Adding more FeatureTable types to q2-diversity: how to handle "inappropriate" analyses?

cduvallet · December 12, 2018, 10:33pm

I'm looking into updating the q2-diversity plugin to accept different FeatureTable types (starting with PercentileNormalized but probably also going ahead and doing RelativeFrequency while I'm at it #sharethelove).

In thinking ahead to coding this up, I have a question that'd be great to get developers' thoughts on: how should we deal with the "appropriateness" of different metrics for different data types? I'm specifically thinking of cases where the underlying skbio code works without returning an error, but the calculation itself is inappropriate to be doing on that data.

I can think of a few solutions, ranked from (my guesses on) most to least effort:

Change q2-diversity so that types are checked for each alpha and beta metric, not just the overall beta or alpha function calls. I think this would involve registering a new function for each metric type, or would there be another way?
Keep the type definition at the broad q2-diversity alpha and beta functions, but do some data/type checks within the function itself and raise an error or warning if we think the wrong data type is being used.
Just let users run their feature tables with all metrics that don't throw errors, and put in the documentation somewhere which data types are not appropriate for which metrics.

What do y'all think?

And two related questions:

I'm actually not super familiar with the theoretically appropriate data types for each underlying method - do you know if there's any good place to get that info? AKA am I making a big deal out of nothing, and it's actually okay to use any sort of data for basically every metric? Or am I correct in assuming that some metrics absolutely need a certain type of data?
I also don't know how scikitbio handles this. From their documentation, it seems that they expect feature tables with count data (i.e. Frequency data type, numbers that can be cast to integers). But then looking specifically at the beta diversity doc, seems that either count or abundance data is okay? Either way, in my experience, throwing in other data types seems to work fine -- for example, @seangibbons' recent workshop (slide 69 of the pdf) hackily converted a feature table actually containing PercentileNormalized data into one with a Frequency data type, and then used that feature table to make a PCoA plot based on Bray-Curtis distance. The PCoA looks good and the code ran without error, so this is obviously a possibility with the underlying code. Do you know whether and how skbio handles this issue?
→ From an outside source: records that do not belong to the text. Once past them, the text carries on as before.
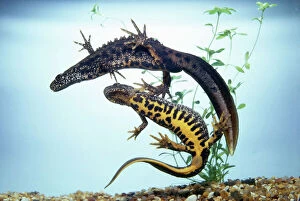 Amphibian Collection: Great Crested Newt - male & female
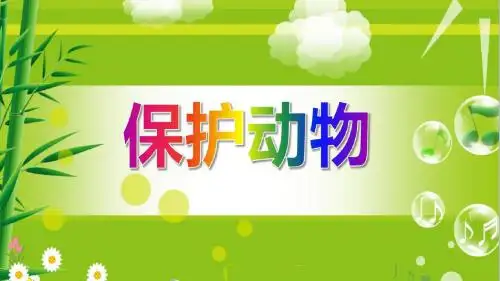 大班社会PPT课件《保护动物》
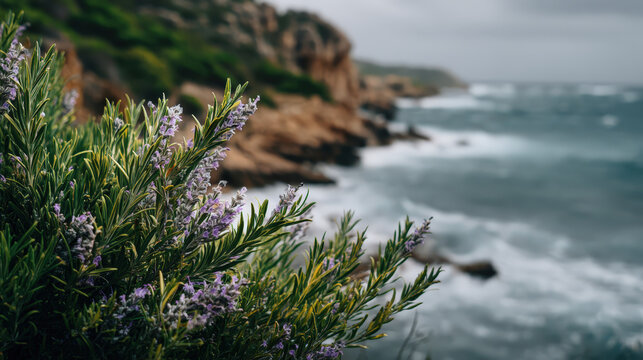 Coastal rosemary bush in bloom with purple flowers, overlooking a turbulent sea and rugged cliffs under a cloudy sky.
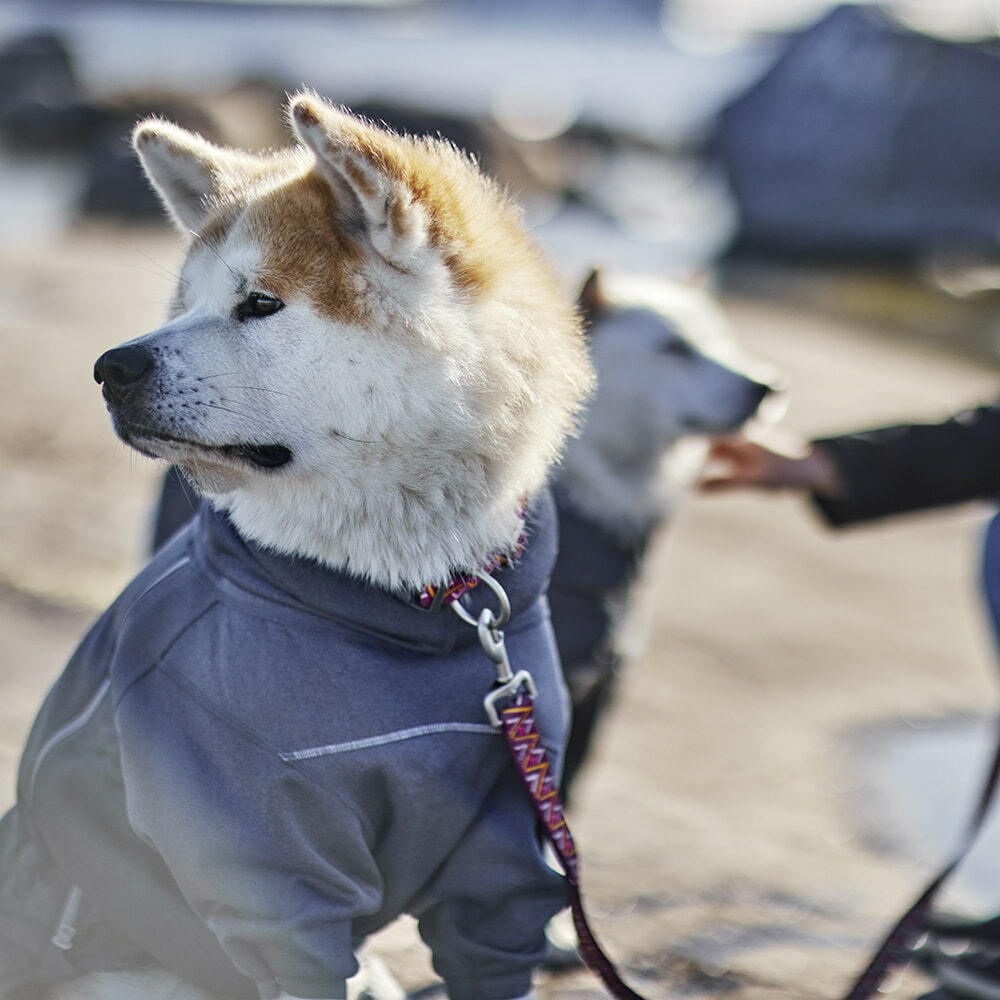 HURTTA Midlayer Overall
thermokarst · December 14, 2018, 2:13am

Hey there @cduvallet! A handful of the core development team are currently teaching QIIME 2 workshops over the next two weeks, so it might be a while before you get a satisfactory response from someone --- sorry! Just wanted to let you know that we have this one in the queue

ebolyen · January 8, 2019, 4:45pm

Hey @cduvallet,

Happy new years, and sorry this took so long.

I think you've really hit the nail on the head here, and we're actually in the process of implementing the first option:

@ChrisKeefe is going to be creating a new plugin which defines granular actions for each of these metrics which will allow each one to have its own type signature. We'll then be converting alpha/beta into pipelines which will do what you suggest as your second point

I'm in this camp myself, there's a slew of normalization techniques which become more or less appropriate, but I'm also fuzzy on the specifics.

Some metrics/measures absolutely need certain kinds of input, for example, computing Chao1 without singletons/doubletons is a pointless exercise. But something like Bray-Curtis may be more flexible with respect to the kinds of inputs that make sense.

I personally hope we can start addressing this with semantic properties which could encode the more refined details like "contains singletons", or "stabilizes variance". This all requires TypeMap to let us propagate that information. But once that is finished, I think we'll be in a good position to start answering these kinds of questions, and encoding those assumptions in a formal way.

cduvallet:

I also don’t know how scikitbio handles this. From their documentation, it seems that they expect feature tables with count data (i.e. Frequency data type, numbers that can be cast to integers). But then looking specifically at the beta diversity doc, seems that either count or abundance data is okay? Either way, in my experience, throwing in other data types seems to work fine – for example, @seangibbons’ recent workshop (slide 69 of the pdf) hackily converted a feature table actually containing PercentileNormalized data into one with a Frequency data type , and then used that feature table to make a PCoA plot based on Bray-Curtis distance. The PCoA looks good and the code ran without error, so this is obviously a possibility with the underlying code. Do you know whether and how skbio handles this issue?

My recollection is that skbio uses numpy/scipy directly and so it doesn't generally do any type-coercion, with the exception of qualitative metrics/measures. So whatever the formula is, it will be applied without any special regard for the machine format of the number.

Hope that's helpful!

cduvallet · January 14, 2019, 9:11pm

Sounds great! Once that's done, I can go back and add in PercentileNormalized wherever it makes sense to.